When the global financial crisis began to bite, F1 was rocked by a series of departures by major car manufacturers.
First Honda pulled the plug on its F1 team at the end of 2008. Within 12 months BMW and Toyota had followed suit.
This trio are embarking on major new racing projects in 2012 – but not in F1. Why have they chosen to make their comebacks in other series?
Honda took over the former BAR team in 2006, but struggled in the two seasons that followed with a pair of disastrously uncompetitive cars.
Even so, it was a considerable shock when, on December 4th, 2008, the team announced its withdrawal from the sport after just three years as a fully-fledged constructor.

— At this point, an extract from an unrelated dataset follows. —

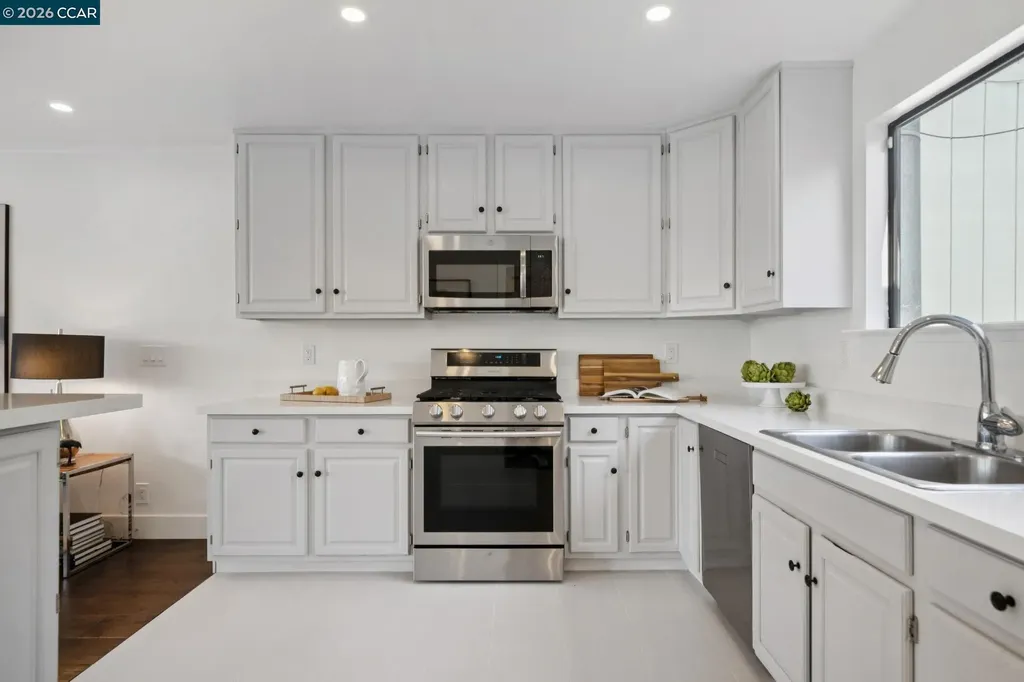 3058 Polk Street San Francisco CA 94109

Since then Honda has enjoyed some success in the British Touring Car Championship, with Matt Neal winning the series last year at the wheel of a Civic.

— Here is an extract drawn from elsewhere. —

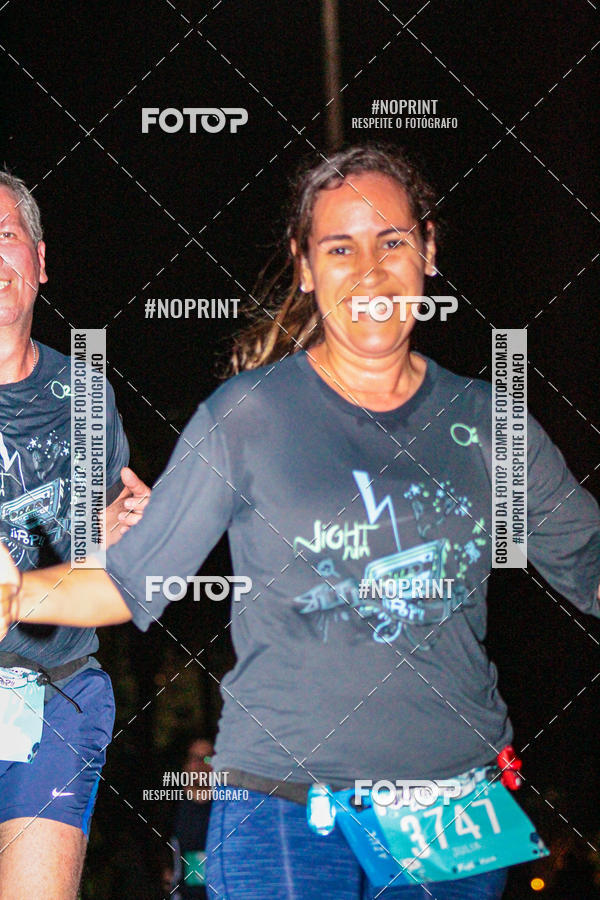 Buy your photos of the eventNight Run 2019 - Pop - Rio de Janeiro on Fotop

Honda will step up its campaign in 2012, entering its new Civic in the FIA’s World Touring Car Championship. This is a major boost for the series, which last year had just Chevrolet as a manufacturer entrant.
The 12-round calendar takes teams as far afield as Brazil, USA, Japan, China and Macau, with the remaining races in Europe.
One of the obvious appeals of touring car racing to manufacturers is the clear resemblance between the racing cars and showroom models. With Honda’s car range increasingly centred on family vehicles rather than performance models, racing in the WTCC makes sense.
BMW came close to tasting championship success on its return to F1 as an engine supplier with Williams in the early 2000s. After taking over Sauber, Robert Kubica was in the hunt for the 2008 crown until the latter stages of the season.
After an uncompetitive 2009 the team pulled the plug on its F1 campaign. But even as it was making its departure from F1, BMW stressed that it would “continue to be actively involved in other motor sports series”.
BMW scrapped its WTCC team at the end of 2010 but will return to touring car racing this year. It will compete against its principle market rivals Mercedes and Audi in the DTM (Germany’s touring car championship) with a version of its M3.
BMW’s reasons for leaving F1 were hotly debated at the time. The cost of competing in F1, the move towards more efficient engines, and various rows involving Max Mosley and Bernie Ecclestone were touted as likely contributing factors.
What does its move into the DTM tell us about its racing priorities? It seems practical business considerations such as reducing costs and competing against key market rivals have trumped other concerns, such as a desire to be seen producing more efficient and environmentally responsible cars.
Just three days after the 2009 F1 season ended, Toyota made the sudden announcement that it was ending its F1 programme.
This was hardly a great surprise. No wins from 139 starts in eight years was not the kind of return they expected given the vast sums spent on the team.
Their Cologne base is now being used for an entry in the new World Endurance Championship including a two-car effort at the Le Mans 24 Hours. The turnaround would likely have been even quicker had it not been for last year’s tsunami in Japan, which forced the postponement of their programme.
It is surely significant that Toyota, having described the F1 Kinetic Energy Recovery System as “really primitive”, raced without the device in 2009 year despite selling the successful Prius hybrid road car, and is now set to race a more advanced hybrid in the WEC.
Where will F1’s new teams come from?
It’s not just manufacturers previously involved in F1 who are choosing to compete elsewhere.
The forthcoming new rules for 2014 would seem an ideal time for a new manufacturer to take the plunge. But as yet there is no sign any of them will.
It may be that the conspicuous lack of success of new teams which entered in 2010 have served to discourage others. The 13th slot on the grid remains vacant.
Nor should we underestimate the important of more prosaic considerations. I wonder how any car manufacturer – particularly luxury builders who sell their cars partly on their aesthetics – can be happy to put their badge on the modern generation of disfigured F1 machines.
History has shown F1 courts manufacturer interest at its peril for they tend to come and go as they please. Honda and BMW’s teams only survived as Brawn (now Mercedes) and Sauber thanks to the efforts of individuals like Ross Brawn, Nick Fry and Peter Sauber.
Toyota scrapped their F1 entry despite having already built a car for the new season. Such an abrupt pull-out is hardly unusual – Peugeot’s withdrawal from the WEC, a championship they had lobbied the FIA to set up, came as its team had already begun pre-season testing, and was so hurried its drivers learned the news from journalists.
But if car manufacturers can’t be enticed to enter F1, and teams in junior categories like GP2 and Formula Renault 3.5 seldom if ever make the step up to F1, then where are the teams of the future going to come from?